Na improvável hipótese de alguém estar seguindo ansiosamente esta série de mensagens,  :-)  não há motivo para susto. Você não perdeu nenhum exemplar da série. Eu estou apenas adequando a numeração das mensagens publicadas àquela adotada na página contendo as minhas mensagens no site da ComUnidade WirelessBrasil.

Retornando, então à vaca fria... A partir do item 52 a inicial da ProTeste passa a elencar os elementos do Direito que ela crê suportarem todo o seu peticionamento. Não deixa de ser interessante, porque em vários momentos a argumentação vai até a beira do abismo e ali se equilibra precariamente. O problema com estes atos de equilibrismo é que basta que o equilibrista não esteja nos seus melhores dias e o desastre é inevitável. Que o digam Die fliegenden Wallenda e o criador e mais notório membro da troupe, Karl Wallenda.

Senão vejamos... Nos itens 52 e 53 a ProTeste invoca as alíneas (a) e (b) do inciso V do art. 5º da Lei 7.347 de 24/07/1985 (a Lei da Ação Civil Pública - LACP). Como o texto legal permite que quaisquer associações cujas finalidades incluam pelo menos uma das áreas elencadas ("a proteção ao meio ambiente, ao consumidor, à ordem econômica, à livre concorrência ou ao patrimônio artístico, estético, histórico, turístico e paisagístico") possam intentar ações civis públicas (inclusive cautelares), mas não impõe que as finalidades da associação tenham afinidade com o objeto da ação (embora exista jurisprudência, como citado na contestação da Anatel) , isto já seria suficiente. Mas aí vem a "síndrome Wallenda".

No item 54 é levantada a opinião do Dr. Marçal Justen Filho, explicitada no livro Curso de Direito Administrativo, de sua autoria, que o contrato de concessão de serviço público é necessariamente trilateral, com a participação da "sociedade civil", embora esta não seja (esperto ele...) "investida de direitos e deveres idênticos àqueles reservados ao poder concedente e ao concessionário". Por mais tocante aos corações democráticos que esta tese possa ser, eu creio que ela só tem respaldo entre um grupo restrito de juristas, que não formam a linha principal de interpretação da Lei. Aliás eu fui procurar no Código Civil (tanto o novo - Lei 10.406 de 10/01/2002, quanto o velho - Lei 3.071 de 01/01/1916), e não achei nada que pudesse suportar essa idéia de uma "parte implícita" em um contrato, ainda mais uma parte cujos direitos e obrigações não constem do contrato. Na comunidade de TI este tipo de argumento é conhecido como vaporware. No meu antigo grupo de trabalho isto seria chamado de um objeto invertebrado gasoso.
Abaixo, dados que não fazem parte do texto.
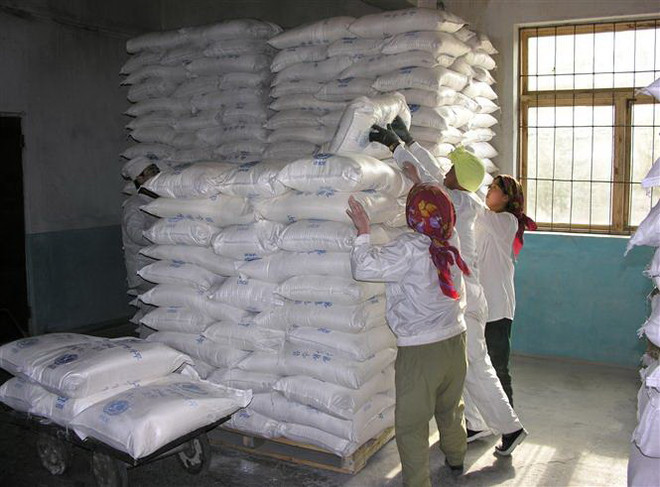 Báo Triều Tiên kêu gọi tăng tự lực sau khi từ chối viện trợ nước ngoài ảnh 1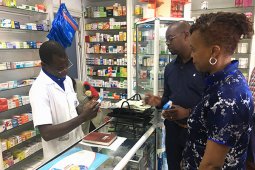 连花清瘟胶囊首入非洲药店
Novamente, se não bastasse o já exposto, ainda há a pirueta adicional do item 55, que tenta ancorar a legitimidade ativa da ProTeste os seguintes itens da Lei 8.078 de 11/09/1990 (o Código de Defesa do Consumidor):

1) Alínea (a) do Inciso II do art. 4º da , que diz que faz parte da política nacional de relações de consumo a atuação governamental, por ação direta, na proteção do consumidor;

2) Inciso VII do art. 4º, que reza que também faz parte da política nacional de relações de consumo a racionalização e a melhoria dos serviços públicos;

3) inciso X do art. 6º, que diz que é direito do consumidor receber serviços públicos adequados e eficazes;

4) Art. 22, que os órgãos públicos, diretamente ou através de concessionárias ou o que for, são obrigados a fornecer serviços adequados, eficientes, seguros e (quando essenciais) contínuos.
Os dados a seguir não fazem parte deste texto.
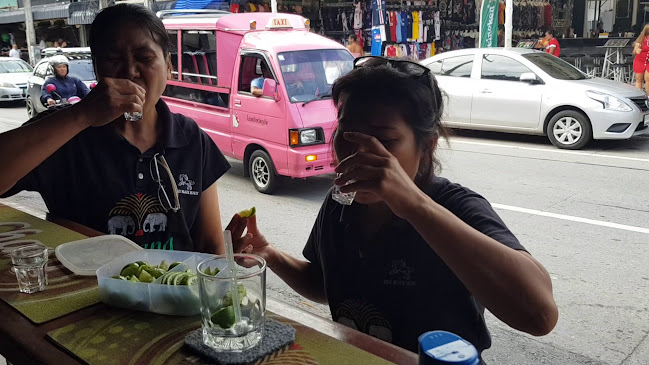 Black Horse Bar - อำเภอกะทู้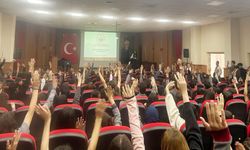 Van’da öğrencilere bilinçli medya kullanımı semineri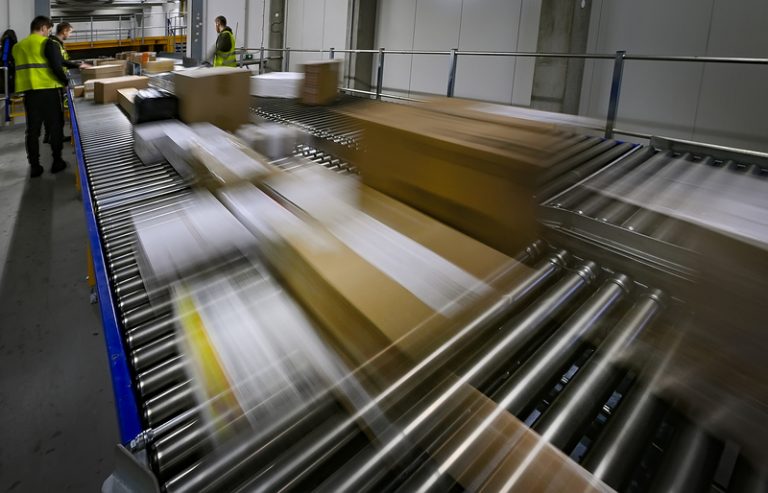 EU zavede celounijní poplatek na malé zásilky, zasáhne čínské prodejce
Ai ai... A ProTeste não é órgão de Estado, o que a tira fora do primeiro item da lista. Nos outros três itens, é necessário aceitar a validade da tese do Dr. Marçal, caso contrário não dá pra ver a ProTeste no papel de paladino do consumidor contra a União, a Anatel e suas cruéis e malvadas associadas, as concessionárias do STFC.

Do item 56 até o item 67a ProTeste passa a discorrer sobre o enquadramento dos bens das concessionárias do STFC. E continua a "síndrome Wallenda". Só que, agora, o arame sobre o qual ela vai caminhar fica mais alto, e ela continua dispensando a rede de segurança.

O art. 99 do Código Civil realmente define quais são os bens públicos. Mas o art. 98, imediatamente antes, diz que:

"São públicos os bens [...] pertencentes às pessoas jurídicas de direito público interno; todos os outros são particulares [...]"

Mas, será que a Telebrás e suas controladas eram "pessoas jurídicas de direito público interno"? Segundo o Art. 14 do Código Civil velho, vigente à época, elas certamente não eram, porque somente a União, os Estados e os Municípios enquadravam-se nesta categoria (dúvida: qual o status dos Territórios?). Segundo o art. 40 do Código Civil novo a lista amplia-se para incluir explicitamente os Territórios, as Autarquias (incluindo aí as associações públicas) e (o que mais nos interessa) demais entidades de caráter público criadas por Lei (grifo meu). Sendo assim, vemos que as atuais concessionárias certamente são pessoas jurídicas de direito privado. E, se quisermos qualificar as empresas do sistema Telebrás como pessoas jurídicas de direito público interno, temos que fazer o Código Civil novo retroagir até a época da constituição das diversas empresas do sistema Telebrás (o que eu acho de validade muito duvidosa). E ainda assim só conseguiríamos caracterizar como pessoas jurídicas de direito público interno a Telebrás (criada pela Lei 5.792 de 11/07/1972) e a Embratel (§ 1º do art. 30 da Lei 4.117 de 27/08/1962 - CBT).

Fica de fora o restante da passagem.